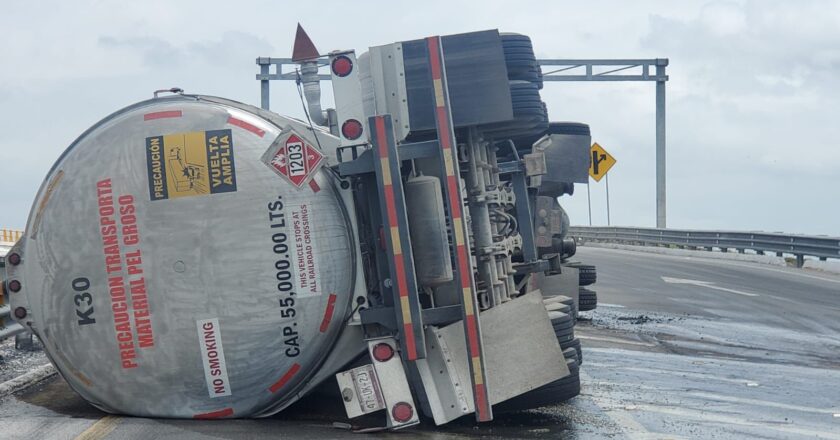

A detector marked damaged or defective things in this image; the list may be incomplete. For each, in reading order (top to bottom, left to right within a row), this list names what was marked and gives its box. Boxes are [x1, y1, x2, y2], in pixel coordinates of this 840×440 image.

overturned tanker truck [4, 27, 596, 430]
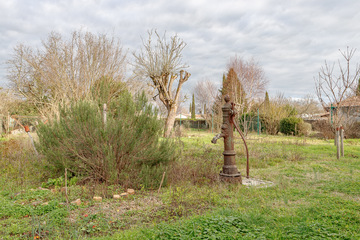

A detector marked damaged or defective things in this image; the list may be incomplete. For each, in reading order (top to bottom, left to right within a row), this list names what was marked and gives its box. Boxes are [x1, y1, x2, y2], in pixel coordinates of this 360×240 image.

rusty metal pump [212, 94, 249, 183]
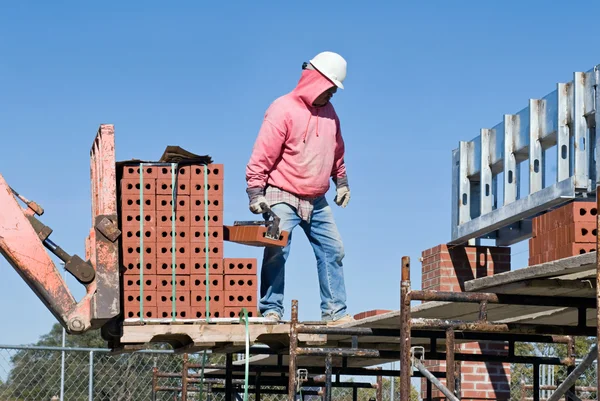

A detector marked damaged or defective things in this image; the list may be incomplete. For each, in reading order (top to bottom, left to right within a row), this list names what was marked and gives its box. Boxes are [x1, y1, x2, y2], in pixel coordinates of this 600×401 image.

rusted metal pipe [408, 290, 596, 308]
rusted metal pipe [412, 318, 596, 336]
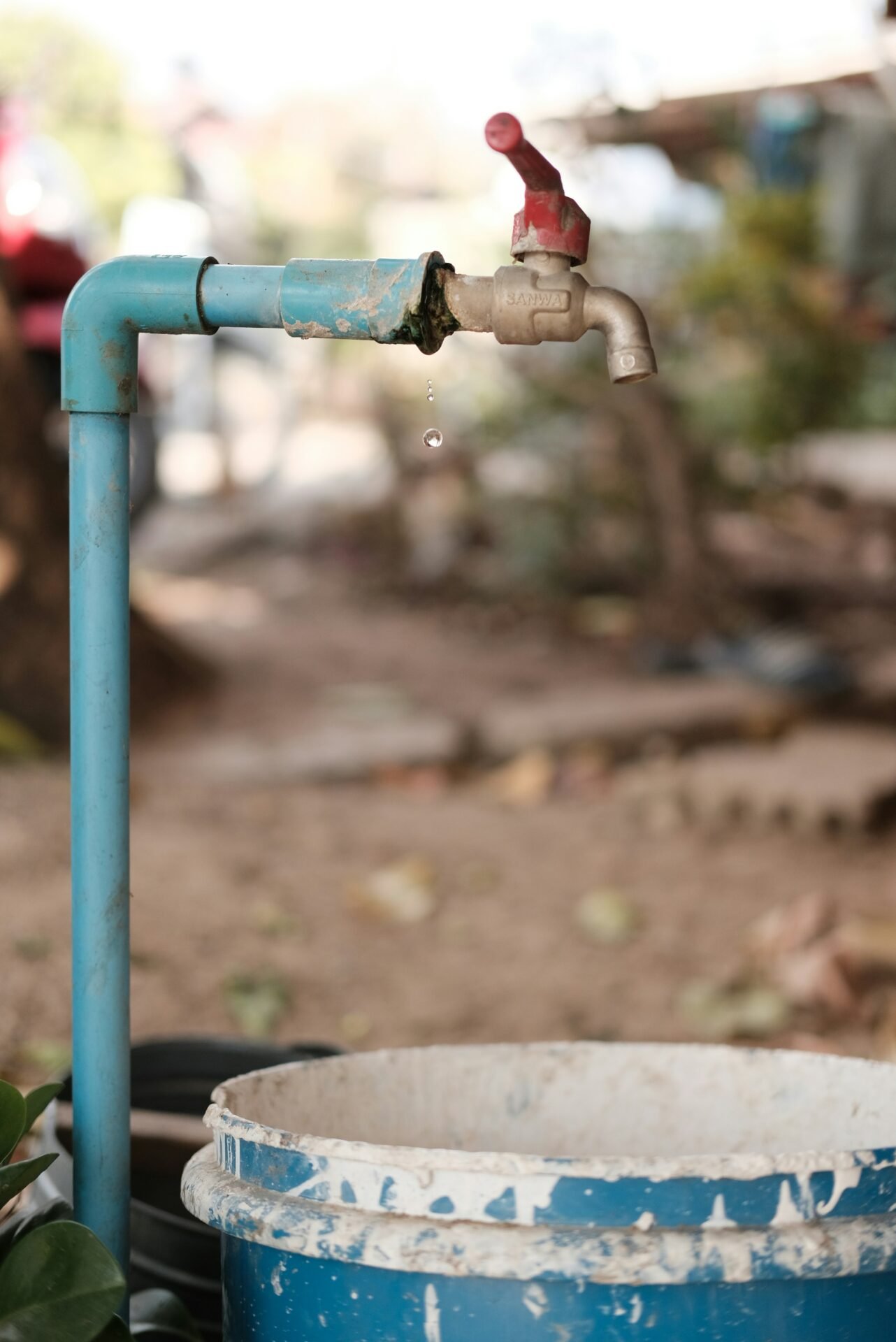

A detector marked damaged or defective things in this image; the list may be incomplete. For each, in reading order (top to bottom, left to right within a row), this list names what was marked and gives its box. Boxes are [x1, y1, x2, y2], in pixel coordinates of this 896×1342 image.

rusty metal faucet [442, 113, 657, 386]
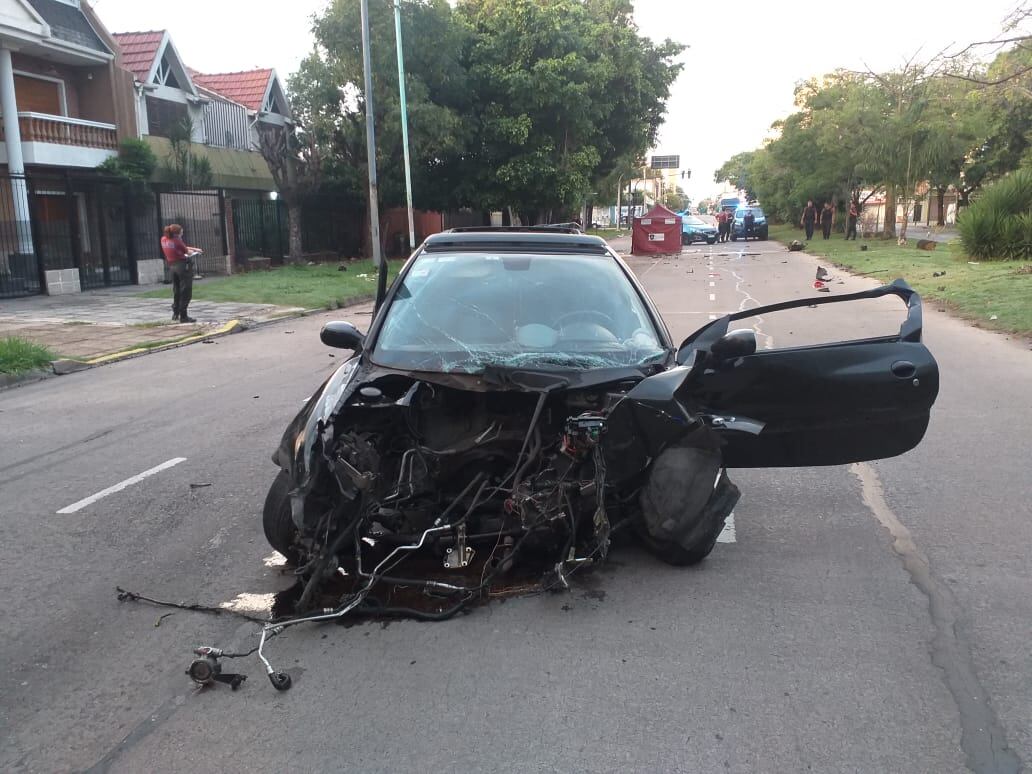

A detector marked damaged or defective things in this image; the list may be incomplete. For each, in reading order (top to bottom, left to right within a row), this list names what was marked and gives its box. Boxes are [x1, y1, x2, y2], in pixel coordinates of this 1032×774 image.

• **Activity**: Everything in the listing, except its images, should be set down exactly.

• **The answer**:
A detector marked damaged or defective things in this image; the list may be incomplete. For each, in reading order (top to bottom, left to right within a row), this list names what was marked and gives its box. Boxes are [x1, y1, x2, y2], in pixel coordinates of this 840×440 image.

overturned tanker truck [4, 27, 596, 430]

A detector marked damaged or defective things in this image; the list may be incomplete. For each, in reading order (top to bottom, left to right within a row), this list names what was marked and gives its box. Boxes are [x1, y1, x2, y2], in pixel coordinates of this 360×240 image.

rusty metal pump [212, 94, 249, 183]

A detector marked damaged or defective things in this image; the list may be incomplete. For each, in reading order (top to bottom, left to right within a row), this list names what was marked and gives its box. Boxes are [x1, y1, x2, y2], in pixel coordinates of this 600×401 image.

rusted metal pipe [408, 290, 596, 308]
rusted metal pipe [412, 318, 596, 336]

A detector marked damaged or defective things in this image; the list may be incomplete. For each, in reading order (top to bottom, left to right within a row), this list names what was marked and gives its box. Boxes are [x1, y1, x2, y2], in pixel coordinates of this 896×1342 image.

rusty metal faucet [442, 113, 657, 386]

A detector marked damaged or defective things in this image; the list may be incomplete. For each, in reading order (top to bottom, left to right within a row), this list names what was marked and gives its box. Boxes are [x1, y1, x2, y2], in pixel coordinates of this 1032×774 image.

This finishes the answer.